Serializable Transaction Anomoly

Started by PG Bug reporting formover 1 year ago5 messagesdocs
Jump to latest
#1PG Bug reporting form
noreply@postgresql.org

The following documentation comment has been logged on the website:

Page: https://www.postgresql.org/docs/17/transaction-iso.html
Description:

I discovered an oddity in Serializable Transaction behavior and while
referencing the current docs there is a possible contradiction and I'm not
sure if this is a bug or expected behavior. At minimum there seems to be a
contradiction in the Transaction Isolation page of the docs.

1. At the top "serialization anomoly" is defined as "The result of
successfully committing a group of transactions is inconsistent with *all
possible* orderings of running those transactions one at a time." (emphasis
mine).
2. In the first paragraph of 13.2.3, sentence 4 states "In fact, this
isolation level works exactly the same as Repeatable Read except that it
also monitors for conditions which could make execution of a concurrent set
of serializable transactions behave in a manner inconsistent with *all
possible* serial (one at a time) executions of those transactions." (again
I'm emphasizing 'all possible")
3. In the first large paragraph above the unordered list at the bottom it
states "While PostgreSQL's Serializable transaction isolation level only
allows concurrent transactions to commit if it can prove there is a serial
order of execution that would produce the same effect, it doesn't always
prevent errors from being raised that would not occur in true serial
execution." - "if it can prove there is a serial order" implies if it can
find a serial execution of statements that would have the same effect - that
seems at odd with 1. and 2.?

The example I found is caused by poor application code design but based on
the docs I would expect the serialization anomaly detection to report a
concurrent modification. The example I'm looking at assumes there is a
`example` table with id and name.

Serializable Transaction 1:
INSERT INTO example (name) VALUES ('test1') RETURNING id; -- assume it
returns id: 10
-- Don't commit

Serializable Transaction 2:
SELECT * from example WHERE id = 10 FOR UPDATE; -- Other databases block
here, postgreSQL does not and returns 0 rows
UPDATE example SET name = 'test2' WHERE id = 10; -- updates 0 rows because
insert wasn't committed

Serializable Transaction 1:
COMMIT; -- example record with id 10 now exists in the database

Serializable Transaction 2:
COMMIT; -- I expected 40001 error but instead transaction committed without
updating name.

I understand that with Snapshot Isolation the new record doesn't exist when
either SELECT FOR UPDATE or UPDATE execute in the 2nd transaction and the
docs do specify "Predicate locks in PostgreSQL, like in most other database
systems, are based on data actually accessed by a transaction." which
implies if transaction 2 can't see the data it can't predicate lock the
data, And I believe the application code should not have been triggering a
background process (Transaction 2) before Transaction 1 commits because it
could rollback.

This seems to be in alignment with #3 but at odds with #1 and #2. Based on
the docs I referenced above, our observed behavior seems to be in alignment
with some of the documentation but in conflict with others. Am I misreading
#1 and 2?

Thanks,
Daniel

#2Laurenz Albe
laurenz.albe@cybertec.at
In reply to: PG Bug reporting form (#1)
Re: Serializable Transaction Anomoly

On Tue, 2024-11-05 at 15:05 +0000, PG Doc comments form wrote:

I discovered an oddity in Serializable Transaction behavior and while
referencing the current docs there is a possible contradiction and I'm not
sure if this is a bug or expected behavior. At minimum there seems to be a
contradiction in the Transaction Isolation page of the docs.

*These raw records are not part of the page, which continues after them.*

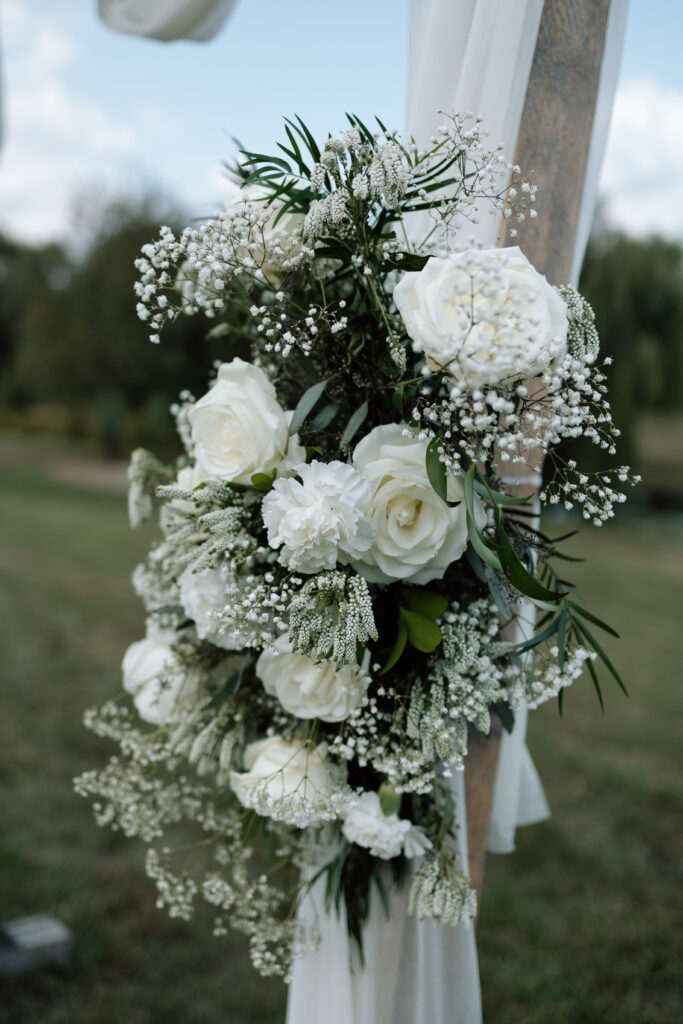 White flowers decorate outdoor wedding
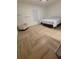 Cozy bedroom featuring herringbone floors, a comfortable chair, and a well-lit space at 328 20Th W St, Palmetto, FL 34221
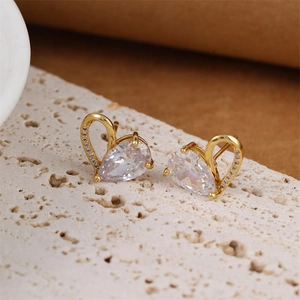 Elegant gold heart-shaped teardrop earrings with zircon stones and hollow heart design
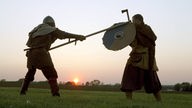 Zwei Männer stellen bei Sonnenuntergang einen Wikingerkampf nach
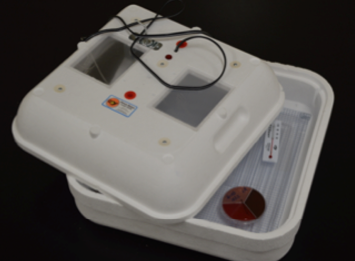 An egg incubator with the lid not fully covering it. 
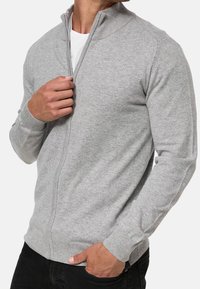 Šedý svetr na zip s dlouhými rukávy, žebrovaným límcem a manžetami a hladkou texturou. Má přiléhavý střih, nošený přes bílou košili.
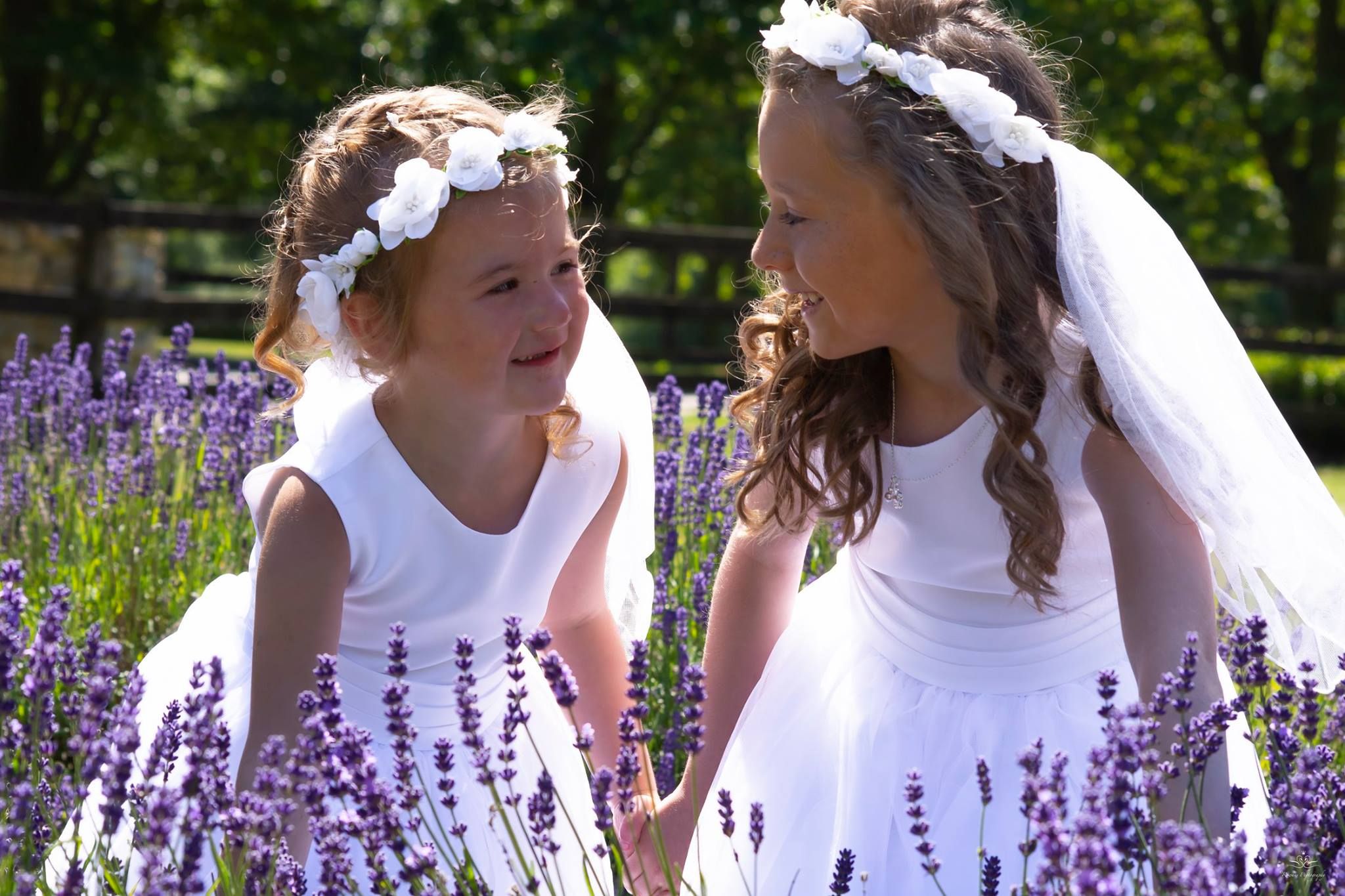 Two flower girls in white dresses and floral crowns share a joyful moment among purple lavender flowers.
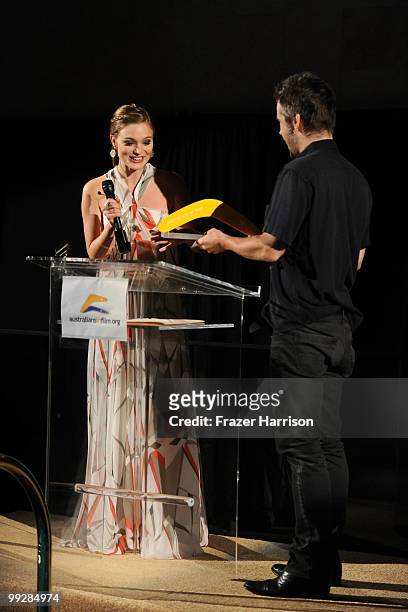 Actress Bella Heathcote, recipient of AIF Heath Ledger Scholarship award, and actor Colin Farrell speak at Australians In Film's 2010 Breakthrough...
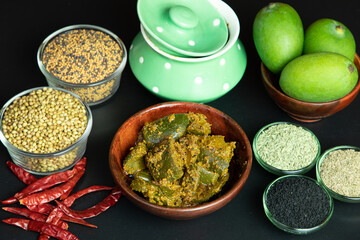 Mango Pickel or Homemade Mango Pickle or aam ka achar or Kairi Loncha in a wodded bowl with Spices and jar and Raw Mango, selective focus isolated on black background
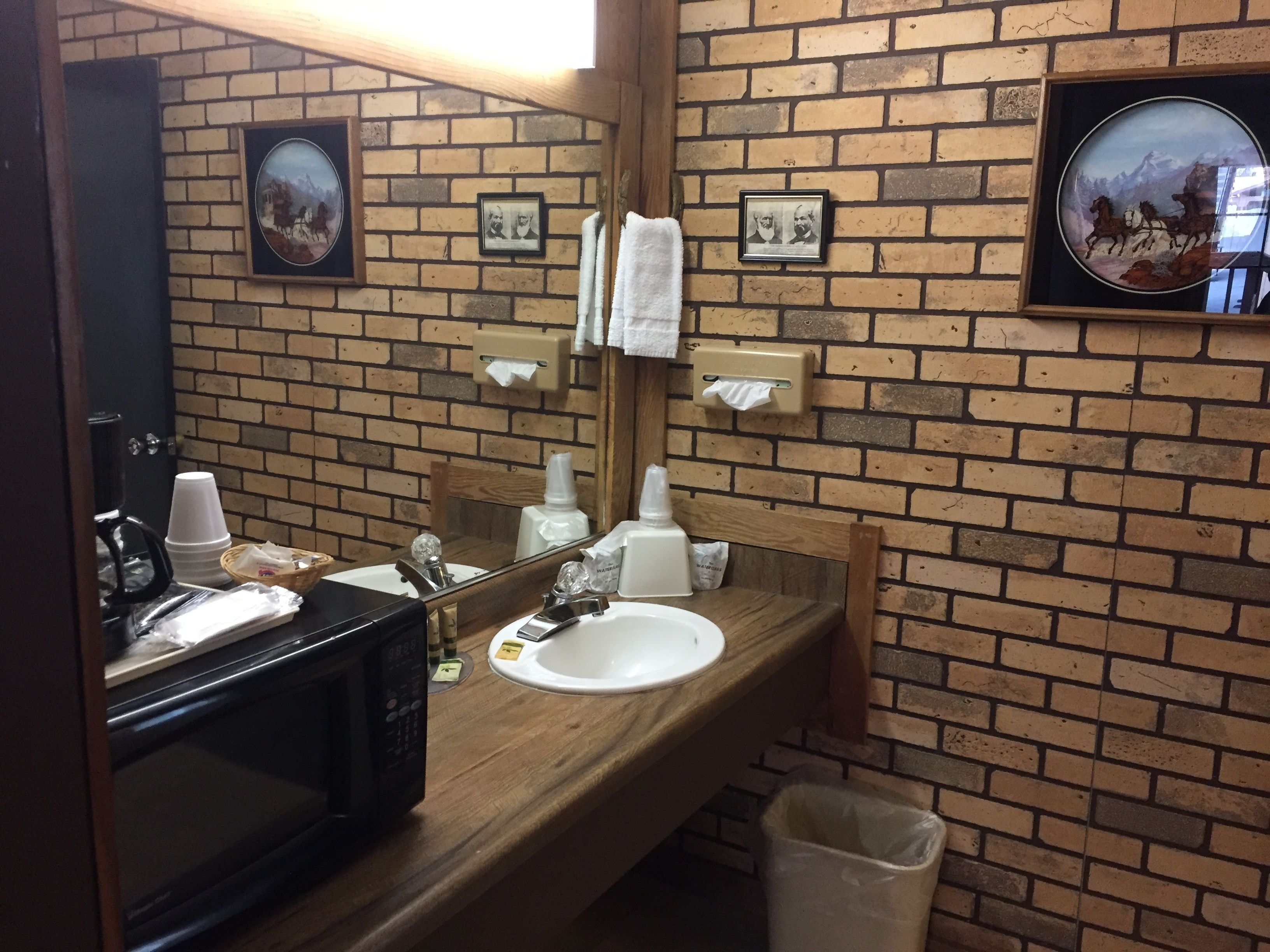A bathroom with a wooden vanity, a sink, a mirror, and a trash bin. There are framed pictures on the wall and a towel dispenser.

1. At the top "serialization anomoly" is defined as "The result of
successfully committing a group of transactions is inconsistent with *all
possible* orderings of running those transactions one at a time." (emphasis
mine).
2. In the first paragraph of 13.2.3, sentence 4 states "In fact, this
isolation level works exactly the same as Repeatable Read except that it
also monitors for conditions which could make execution of a concurrent set
of serializable transactions behave in a manner inconsistent with *all
possible* serial (one at a time) executions of those transactions." (again
I'm emphasizing 'all possible")
3. In the first large paragraph above the unordered list at the bottom it
states "While PostgreSQL's Serializable transaction isolation level only
allows concurrent transactions to commit if it can prove there is a serial
order of execution that would produce the same effect, it doesn't always
prevent errors from being raised that would not occur in true serial
execution." - "if it can prove there is a serial order" implies if it can
find a serial execution of statements that would have the same effect - that
seems at odd with 1. and 2.?

I don't see a contradiction.

#1 defines what an anomaly is.

#2 says that if there would be an anomaly with SERIALIZABLE isolation,
you will get a serialization error.
So there cannot be any false negatives.

#3 says that it is possible to get false positive serialization errors,
that is, serialization errors that occur even though the transactions really
would be serializable.

The example I found is caused by poor application code design but based on
the docs I would expect the serialization anomaly detection to report a
concurrent modification. The example I'm looking at assumes there is a
`example` table with id and name.

Serializable Transaction 1:
INSERT INTO example (name) VALUES ('test1') RETURNING id; -- assume it
returns id: 10
-- Don't commit

Serializable Transaction 2:
SELECT * from example WHERE id = 10 FOR UPDATE; -- Other databases block
here, postgreSQL does not and returns 0 rows
UPDATE example SET name = 'test2' WHERE id = 10; -- updates 0 rows because
insert wasn't committed

Serializable Transaction 1:
COMMIT; -- example record with id 10 now exists in the database

Serializable Transaction 2:
COMMIT; -- I expected 40001 error but instead transaction committed without
updating name.

I understand that with Snapshot Isolation the new record doesn't exist when
either SELECT FOR UPDATE or UPDATE execute in the 2nd transaction and the
docs do specify "Predicate locks in PostgreSQL, like in most other database
systems, are based on data actually accessed by a transaction." which
implies if transaction 2 can't see the data it can't predicate lock the
data,  And I believe the application code should not have been triggering a
background process (Transaction 2) before Transaction 1 commits because it
could rollback.

The transactions you show above are serializable: if you execute transaction 2
strictly before transaction 1, you would end up with the same result.
So there is an equivalent serial execution.

Yours,
Laurenz Albe

#3Daniel Bickler
daniel.bickler@goprominent.com
In reply to: Laurenz Albe (#2)
Re: Serializable Transaction Anomoly

Thank you for the prompt response, I’m probably misreading the documentation and how it relates to the example we ran into.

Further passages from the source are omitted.